Tuesday, April 11, 2006

Smith v. Mitchell, No. 04-55831 (2-9-06). The 9th grants a petition and reverses a state conviction for supposed assault on a child resulting in death. The petitioner was the grandmother, and caregiver, of a premature baby boy. She discovered the child dead, with a little bleeding from a nostril. There were old subdural injuries. The state argued that the grandmother shook the baby so hard that the brain stem sheared and death was instantaneous and that was the reason there was no internal bleeding, bruising, retinal hemorrhages, abrasions, and so forth. The defense expert witnesses described this "cause of death" as "fantasy" and testified that the cause of death was mostly SID: premature baby boys have a higher incidence, they do have bleeding into the brain, and a whole host of other factors. The grandmother had no prior histories of abuse. The 9th held that no rational trier of fact could have found petitioner guilty beyond a reasonable doubt. Absence of evidence is not evidence beyond a reasonable doubt. AEDPA did not bar such a holding, as the state courts unreasonably applied Jackson. Scary case given that a jury somehow convicted, and then the state trial court, state appellate courts, state post-conviction, and a federal magistrate and federal district court all affirmed the conviction. The 9th's panel was Pregerson, Canby and Reed, D.J., with Canby writing.
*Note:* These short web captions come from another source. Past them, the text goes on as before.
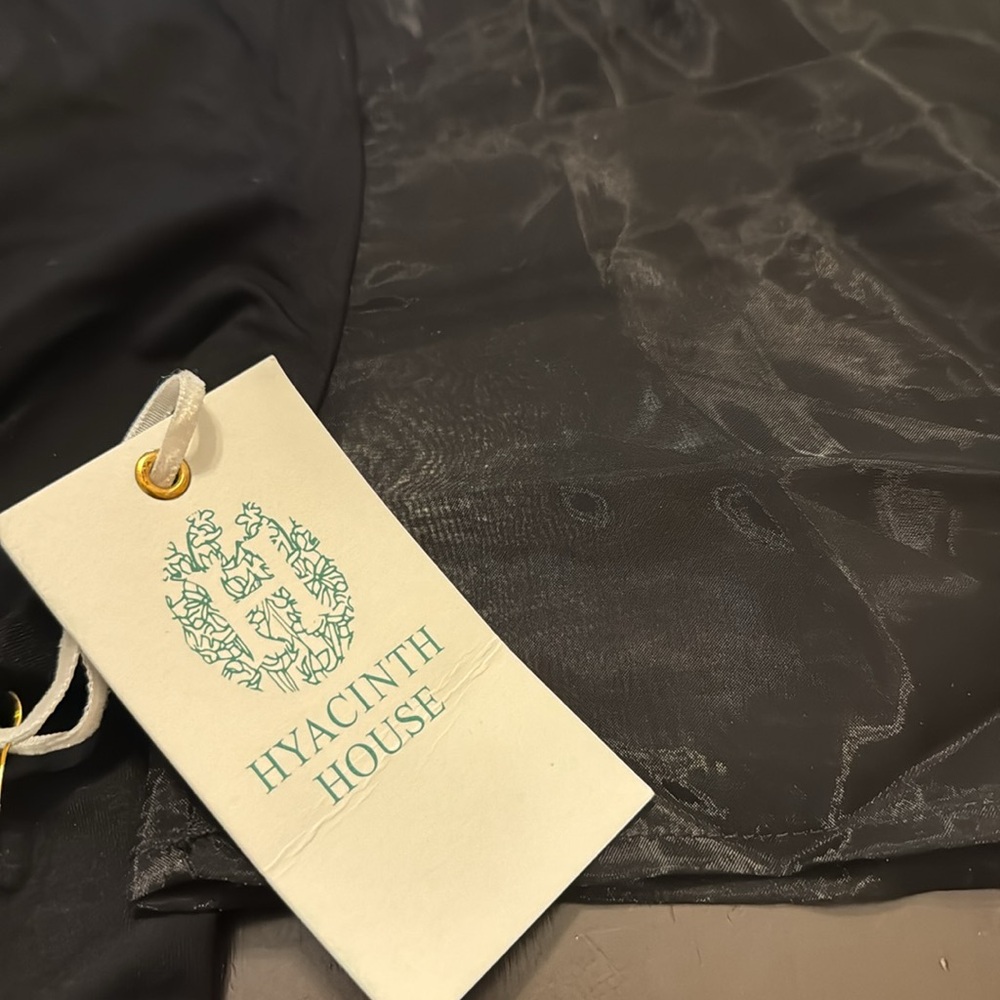 HYACINTH HOUSE
Black Tulle Sleeve Darby Blouse - Picture 8 of 11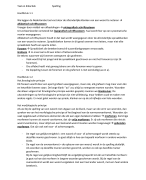 Taal en didactiek Spelling Hoofdstuk 1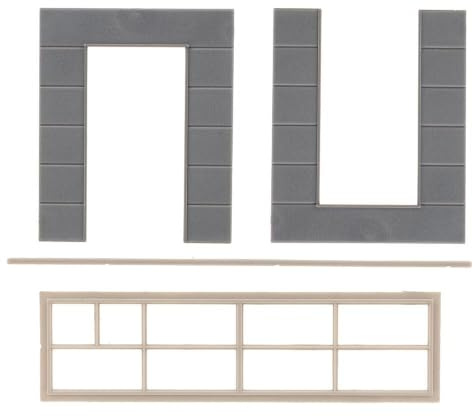 FALLER 2 Wandelemente mit hohem Fenster, Goldbeck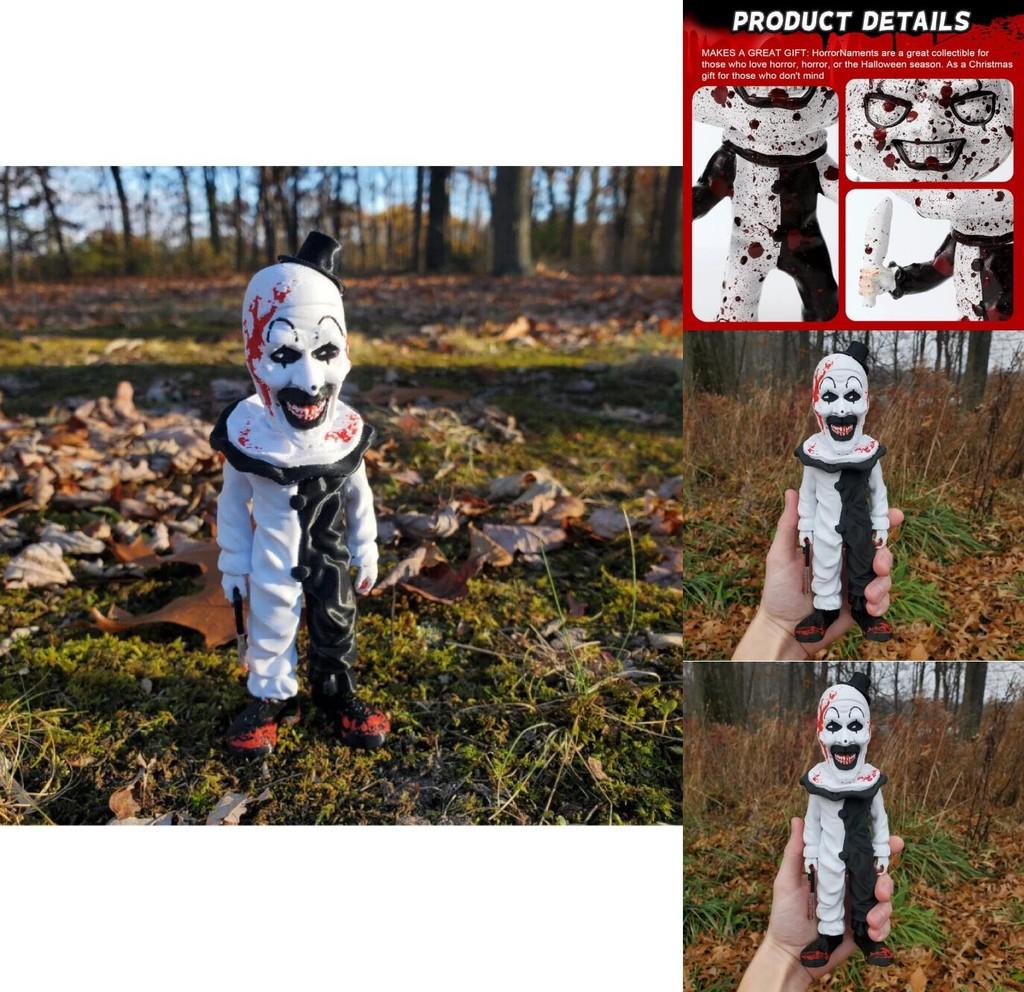 Creative Halloween Resin Soul Reaper Clown Decorative Tabletop Craft With Modern Minimalist Style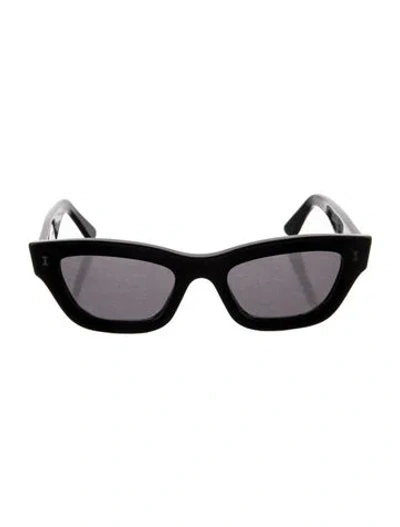 Pre-owned Illesteva Wayfarer Tinted Sunglasses In Black
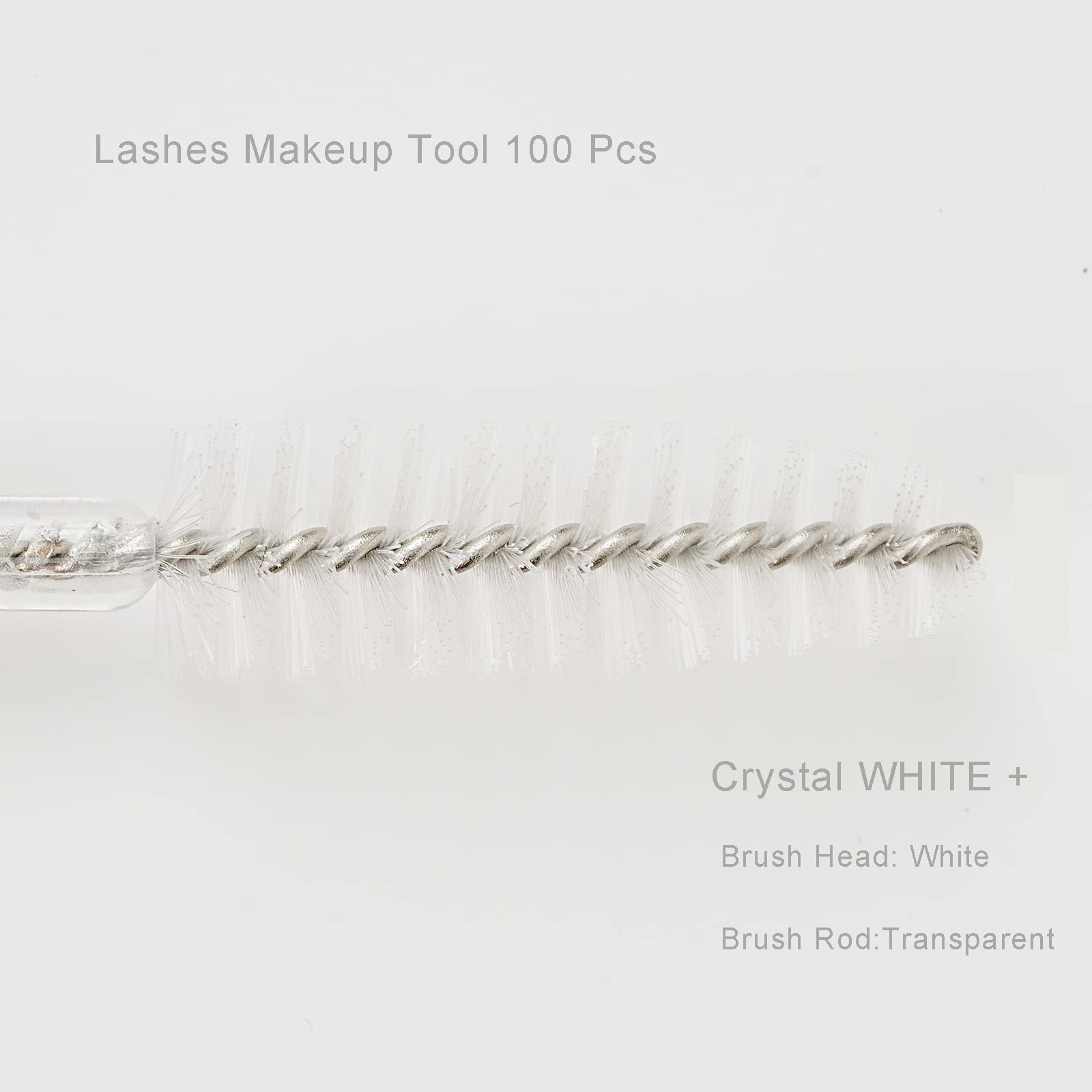i-Laesh eyelash and eyebrow brush in use on brows and lashes.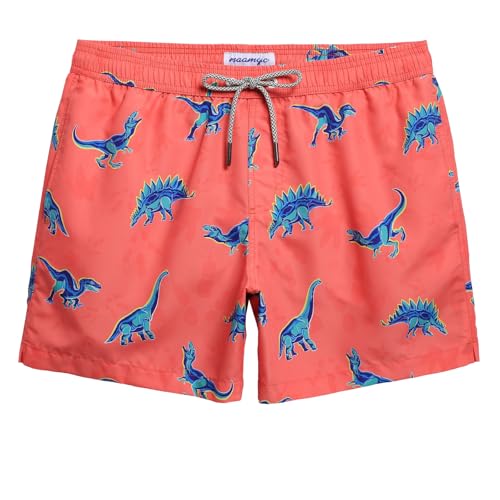 Image of maamgic Mens Swim Trunks 5 Inch with Mesh Liner Breathable for Beach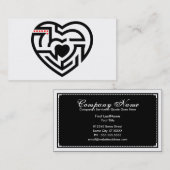 Liebe labrynth visitenkarte (Vorne/Hinten)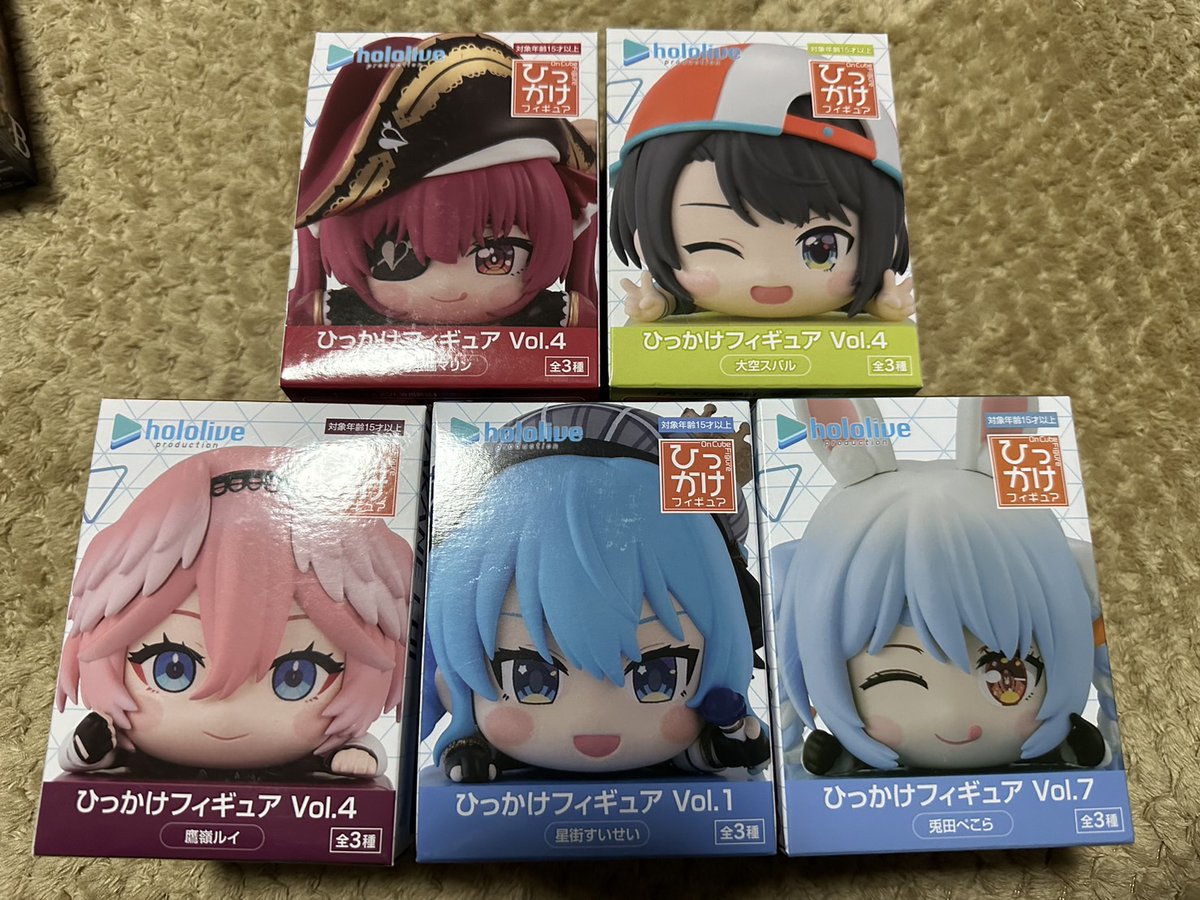 ☆F229ケースに入荷しました！！ ホロライブ ひっかけフィギュア ・星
US v. Lynch, No. 02-30216 (2-10-06)(en banc). In an en banc per curiam decision, the 9th holds that in Hobbs Act jurisdiction can be shown by a direct effect or an individual effect on interstate commerce. In the case of an indirect effect, then the test as developed in Collins, which focuses on the depletion of assets or some other impact. Here, the defendant lured the victim from Nevada to Montana, used a weapon to kill him, stole his vehicle,took his money, used his credit cards, and smoked his dope. There was a direct impact. The en banc court resolved the tension between whether the Collins test had to be used in both cases, and it does not. The defendant argued that law of the case controlled in regards to Collins, or that he should get a new trial with instructions. Tthe 9th found the evidence more than sufficient for a direct impact and that the law of the case doctrine did not apply. The 9th also dealt with other issues.

The most significant, and important, is the sentencing cross reference to murder. The 9th pheld the district court use of the cross reference despite the fact that the jury was not unanimous on whether the defendant was the trigger man in the killing. The district court nonetheless found by clear and convincing evidence that he had participated in the murder and therefore the cross reference applied. The 9th ratified the standard to use as CLEAR AND CONVICING because of the disproportionate impact of the cross reference. From a defense standpoint, this is good, because it is not the across the board preponderance of evidence standard that there were some references to in previous cases. Hopper, 177 F.3d 824 (9th Cir. 1999).

US v. Rutledge, No. 05-10060 (2-14-06). The 9th vacates a preliminary injunction seizing the assets of a nonprofit corporation. The 9th finds that the gov't failed to show that the assets of the corporation were indeed the nefarious proceeds of defendant's supposed mail and wire fraud activities.